DIRECTIONS FOR THIS TASK:
Could you copy exactly the lines below from the one with "American Eagle High Rise Mini Skirt" to the one with "снимка 5 Liebherr", inclusive, leaving out any pictures?

Collection entries:

-------

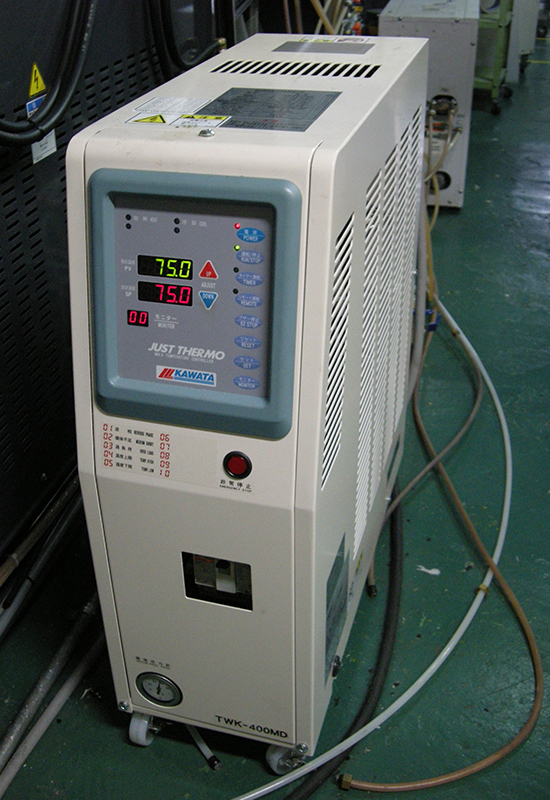 金型温調機(カワタ TWK-400MD)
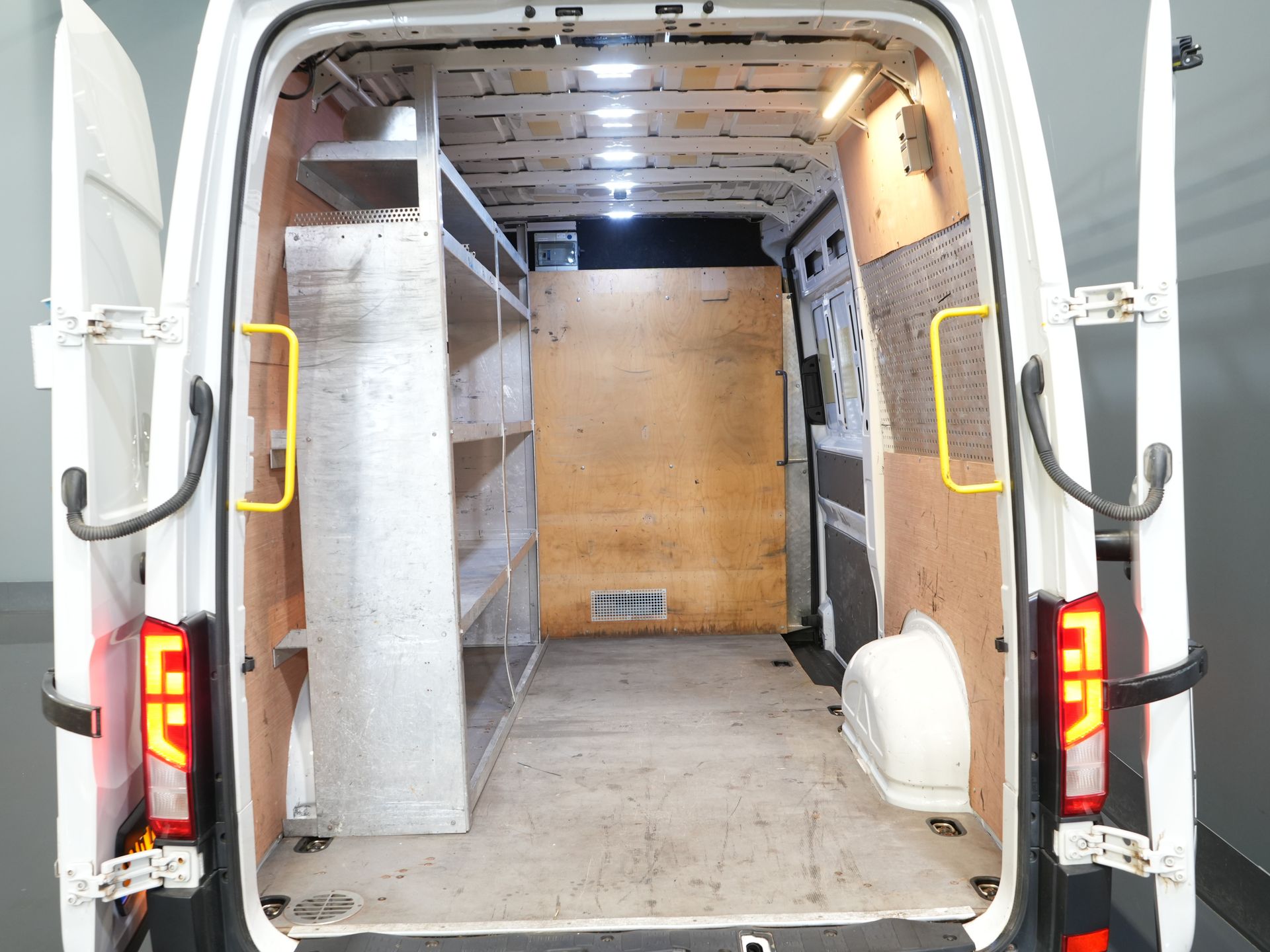 Volkswagen Crafter Van 2.0 TDI 180 ch L3H3 270Gr. Portes/ Sièges Gev. Sièges/ Galerie de toit/ Chauffage au sol/ Carplay/ Croisière/ Crochet d'attelage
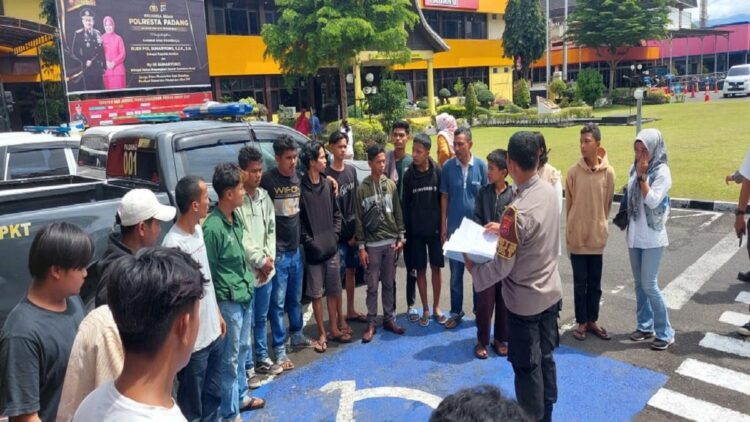 Puluhan pelaku tawuran dan balap liar dipulangkan ke keluarga masing-masing. (Istimewa)
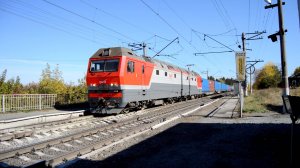 2ЭС6-1092 с грузовым поездом следует через переезд Хуторята в Екатеринбурге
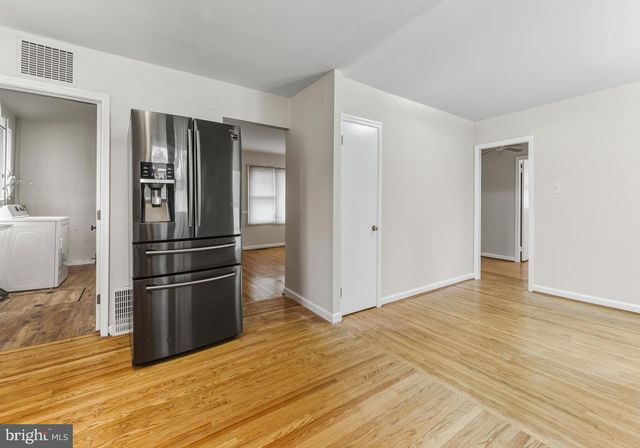 19 BEECH PL, West Deptford, NJ 08096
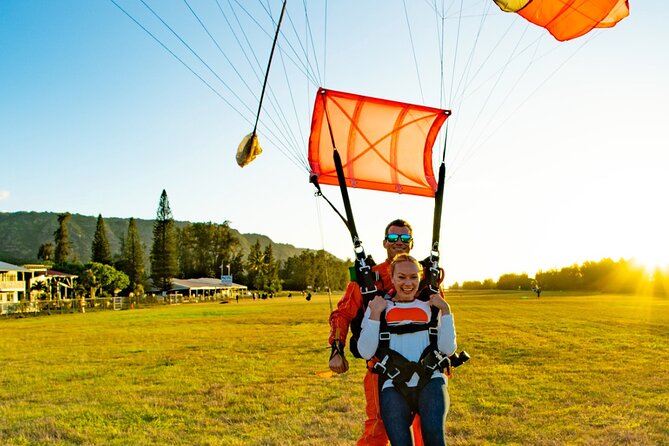 Tandem Skydiving with GoJump in Hawaii - Who Should Book This Tandem Skydive?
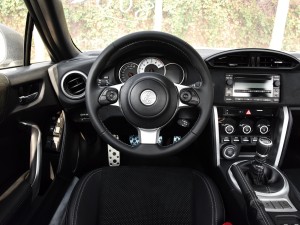 豐田(進口) 豐田86 2017款 2.0L 手動豪華型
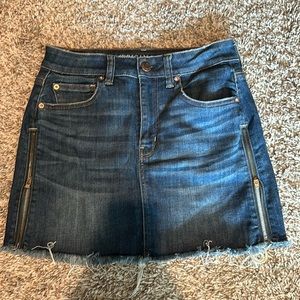 American Eagle High Rise Mini Skirt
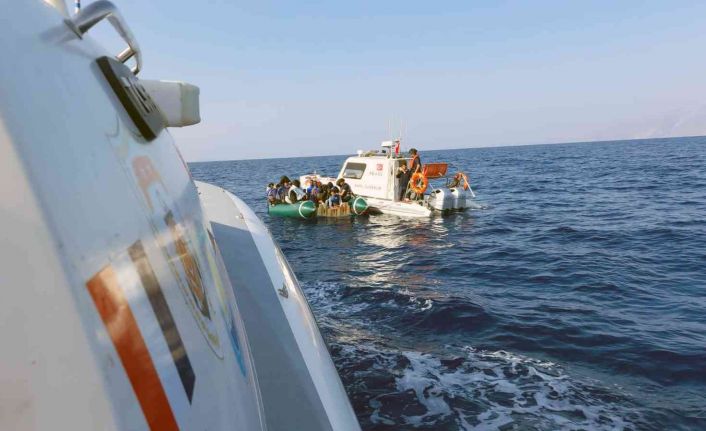 Yunanistan’a geçmeye çalışan 43 düzensiz göçmen yakalandı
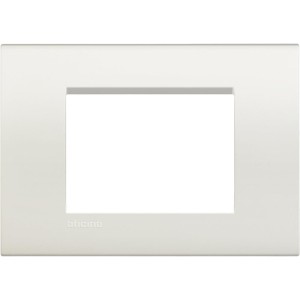 Bticino LNA4803BI- Angle plate 3 modules, matt white, 1 piece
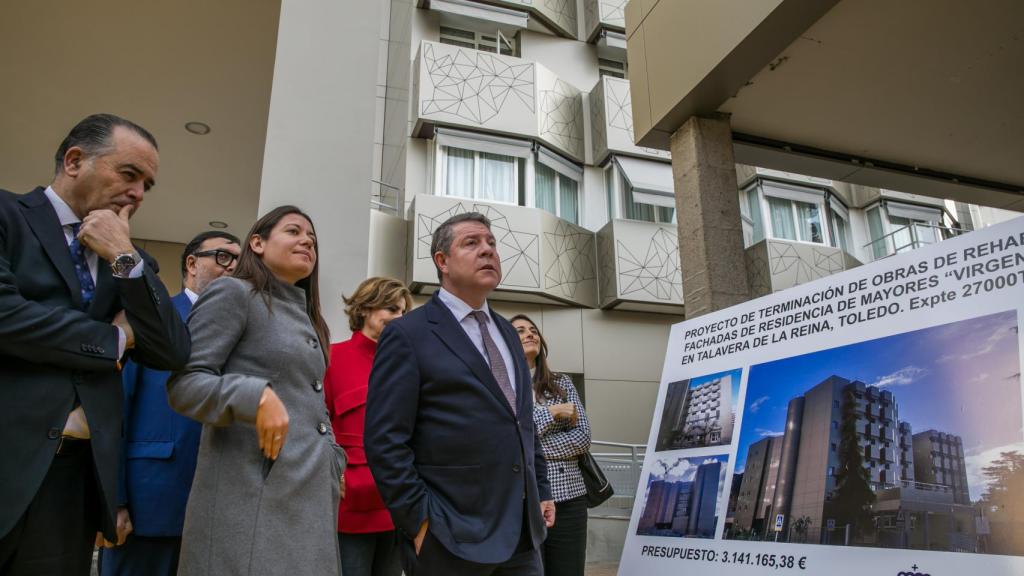 Inauguración de la reforma de la residencia de mayores 'Virgen del Prado' de Talavera de la Reina.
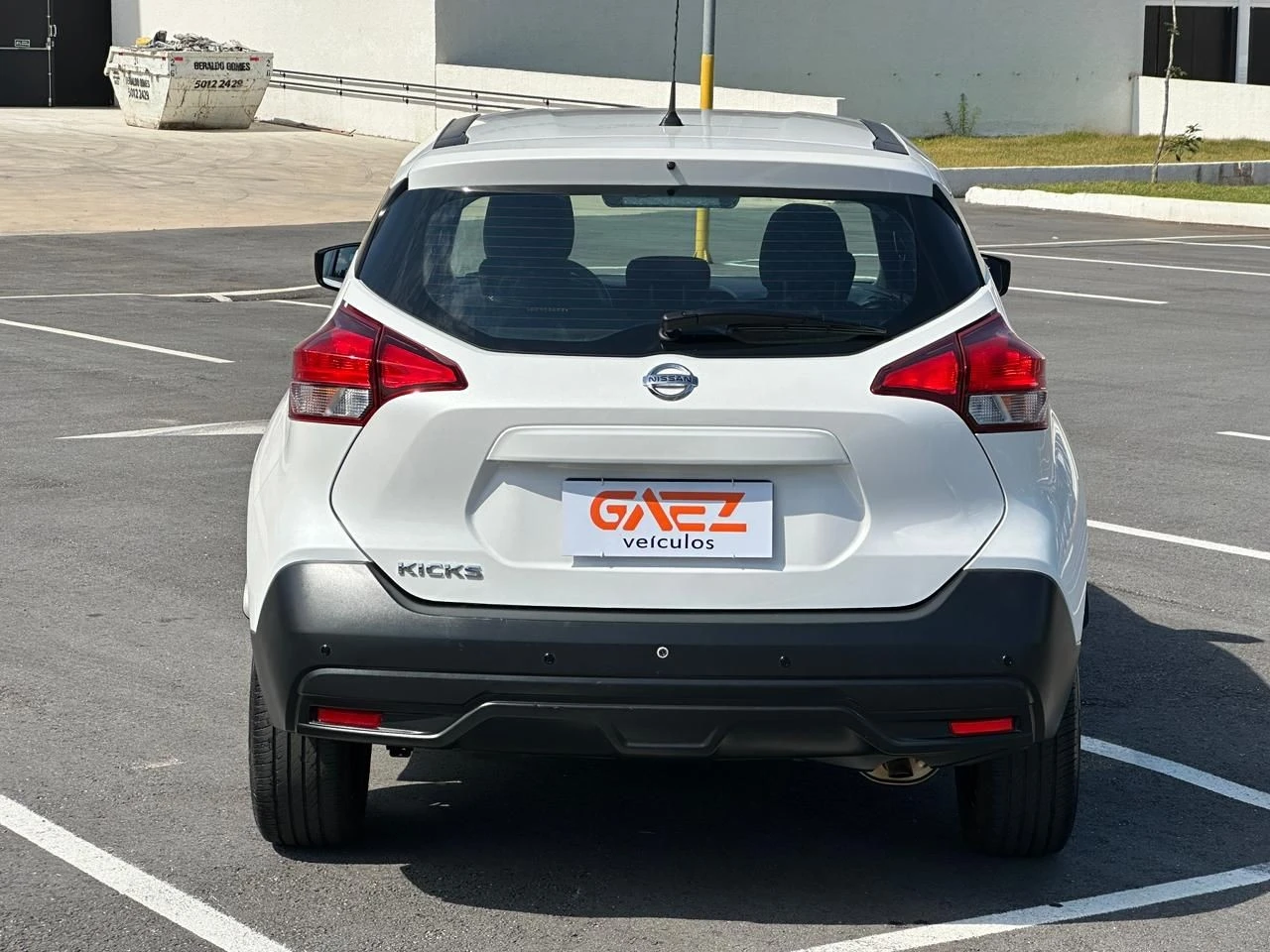 NISSAN KICKS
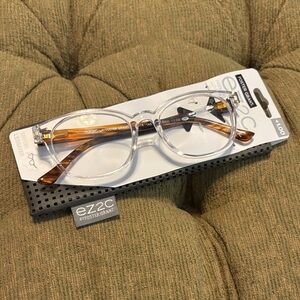 Foster Grant Clear and Tortoise Reading Glasses and coordinating case.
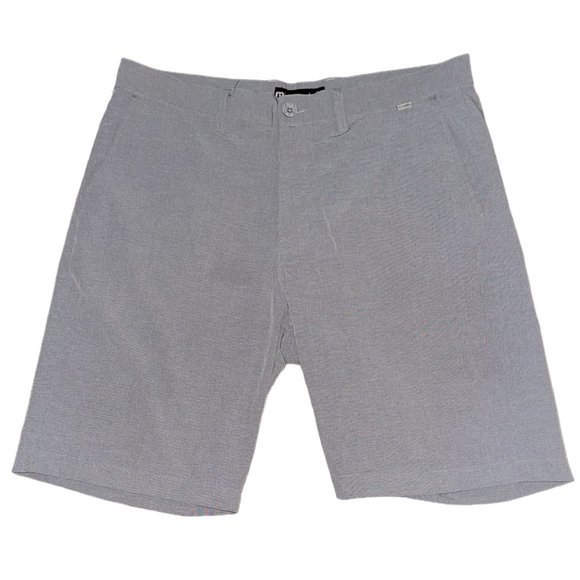 Men's‎ Travis Mathew 11" Golf Shorts Grey Size 38 - Picture 1 of 6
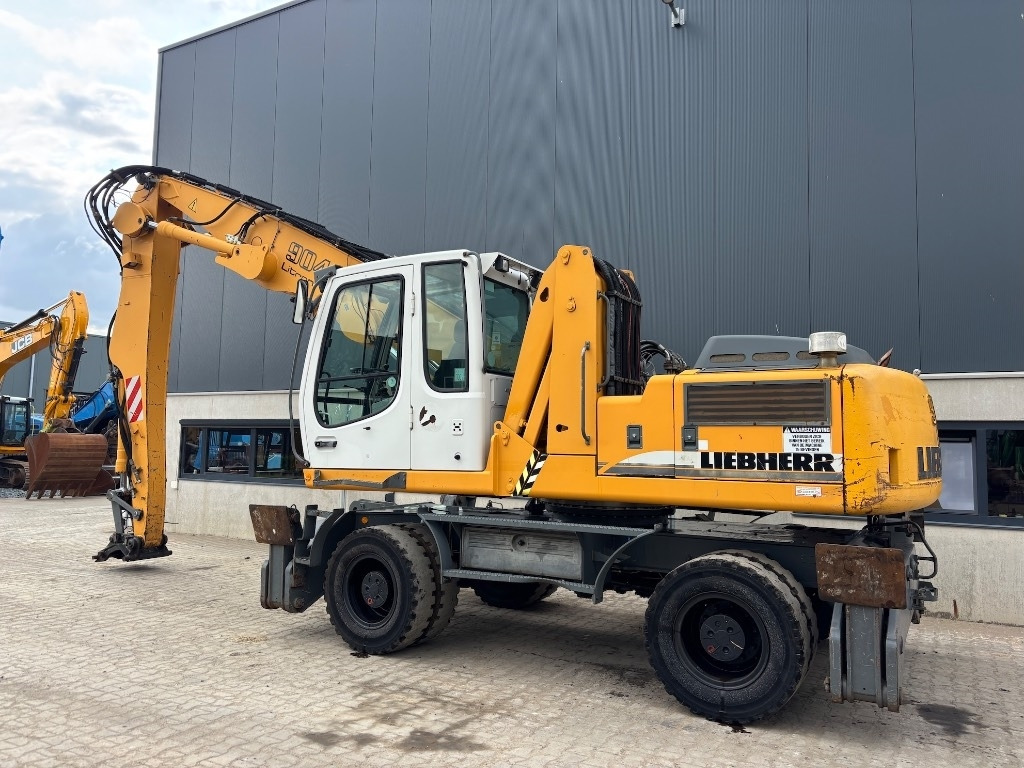 Liebherr A 904 C HD - Багер за манипулиране на материали: снимка 5 Liebherr A 904 C HD - Багер за манипулиране на материали: снимка 5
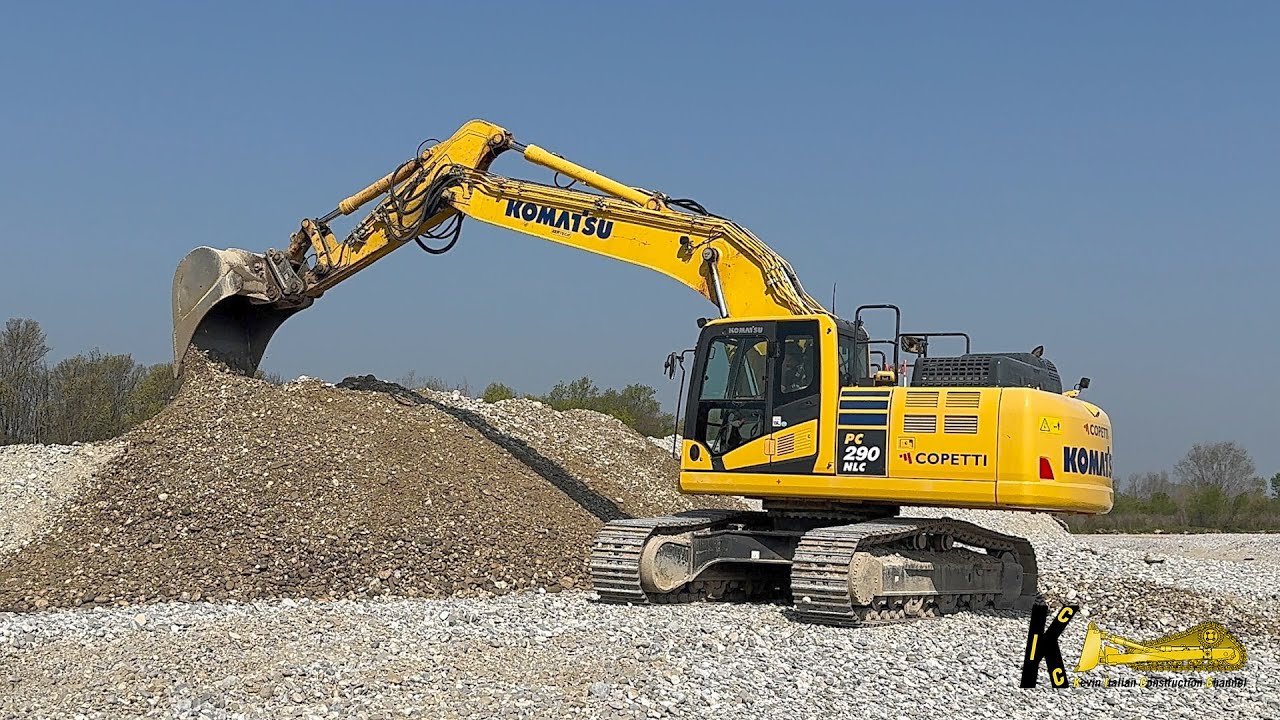 KOMATSU PC290 EXCAVATOR Digging gravel #excavator #komatsu #heavyequipment #digger #heavymachinery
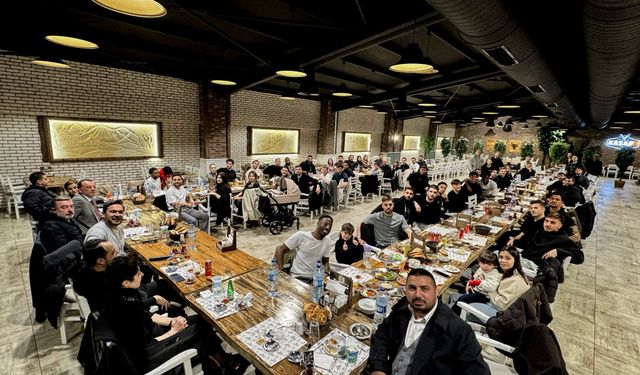 Kayserispor yönetimi, takımı ve personeli aileleriyle yemekte bir araya geldi
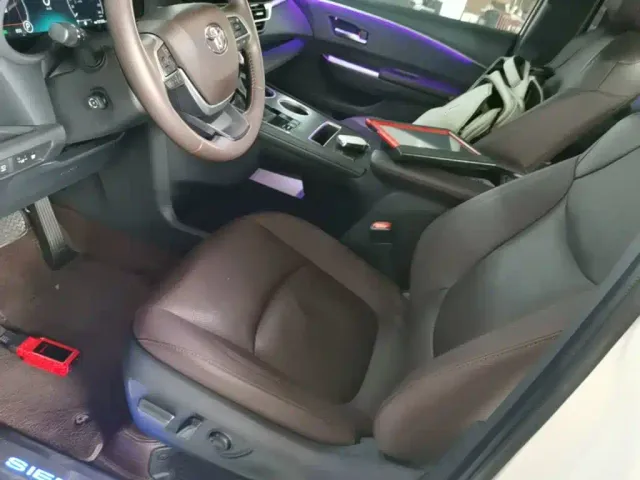 Toyota Sienna — Фото автомобиля 14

-------

EXERCISE RESULT:
 American Eagle High Rise Mini Skirt
 Yunanistan’a geçmeye çalışan 43 düzensiz göçmen yakalandı
 Bticino LNA4803BI- Angle plate 3 modules, matt white, 1 piece
 Inauguración de la reforma de la residencia de mayores 'Virgen del Prado' de Talavera de la Reina.
 NISSAN KICKS
 Foster Grant Clear and Tortoise Reading Glasses and coordinating case.
 Men's‎ Travis Mathew 11" Golf Shorts Grey Size 38 - Picture 1 of 6
 Liebherr A 904 C HD - Багер за манипулиране на материали: снимка 5 Liebherr A 904 C HD - Багер за манипулиране на материали: снимка 5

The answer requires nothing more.